No matter what label we use, no matter what language of faith we speak, no matter what theology, we UU’s gather knowing, week after week, that we seek insight to make our lives meaningful. And as our lives take on depth and meaning, we can use these insights to build the common good.
Community Connection
I love Social Justice and social action. I like to help find one thing, one thing at a time, to focus on. I believe many hands make light work, and having one focus helps us to have a goal and reach it. This creates pride in our accomplishments. It changes the world a little bit at a time and can be part of how we employ our spirituality.
Often though, we forget we are not as powerful as we think, and we have fewer resources than are needed in our attempts at social justice and social action. This causes us to chase multiple causes and we often burn people out, with little results.

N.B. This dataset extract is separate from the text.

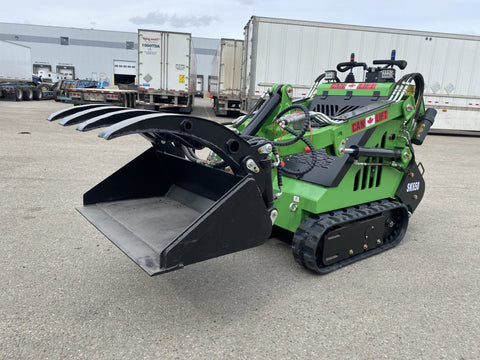 Mini skid steer attachment with hydraulic auger
Green mini skid loader with stump grinder attachment
Heavy-duty mini skid steer snow blower
Landscaping auger tool for mini skid loader
Mini skid attachments for trenching and clearing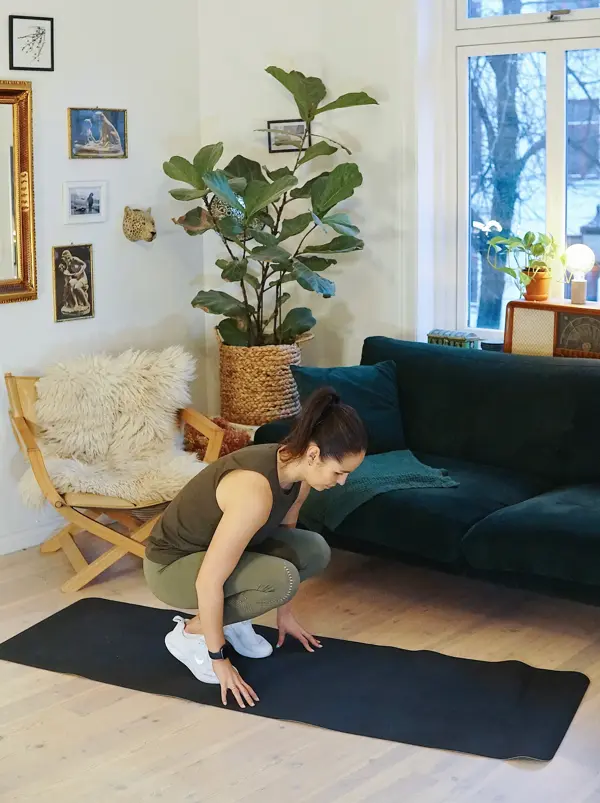 treningsekspert Anna Johansen trener på matte på gulvet, mørkegrønn sofa i bakgrunnen, lys stol med pels oppi, str grønn plante, bilder på veggen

Discernment is one of the skills of spirituality and I believe it is necessary in our work toward social justice and social action.
Religious Education
I am always curious and wiling to participate in religious curriculum. Our U.U. programs for children are wonderful. We need to communicate how good they are for everyone, especially the people outside our doors. They are about sexuality, leadership, perspective. They include crafts, play and ritual. They are taught by the LL director, the minster and the volunteers of the community. They show why it takes a community to teach and deepen a child.
My particular interest is in children participating in Sunday services.
Administration
I like to work with others and I'm adaptive and agile in my leadership style. Sometimes that means I coach people into the work of the church because I have experience. Sometimes it means they coach me because they have more experience in some aspect of life. Sometimes I’m asked to teach because I am the minister, sometimes I’m asked to quietly witness the learning of another as they begin to lead. My work with lay leadership is adaptive and empowering.

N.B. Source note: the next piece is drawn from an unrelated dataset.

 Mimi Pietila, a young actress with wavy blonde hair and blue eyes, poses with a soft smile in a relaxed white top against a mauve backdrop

Adaptive leadership means bringing my education, passion and experience to the work we share. Each time it is a little different because of the people and the work involved.
Being agile is part of my skill set. After helping to start a new congregation, a Montessori school with my partner Joan and a business before ministry, I also know how to make plans and decisions when they are necessary.
I have found agility and decision making a wonderful combination for leadership.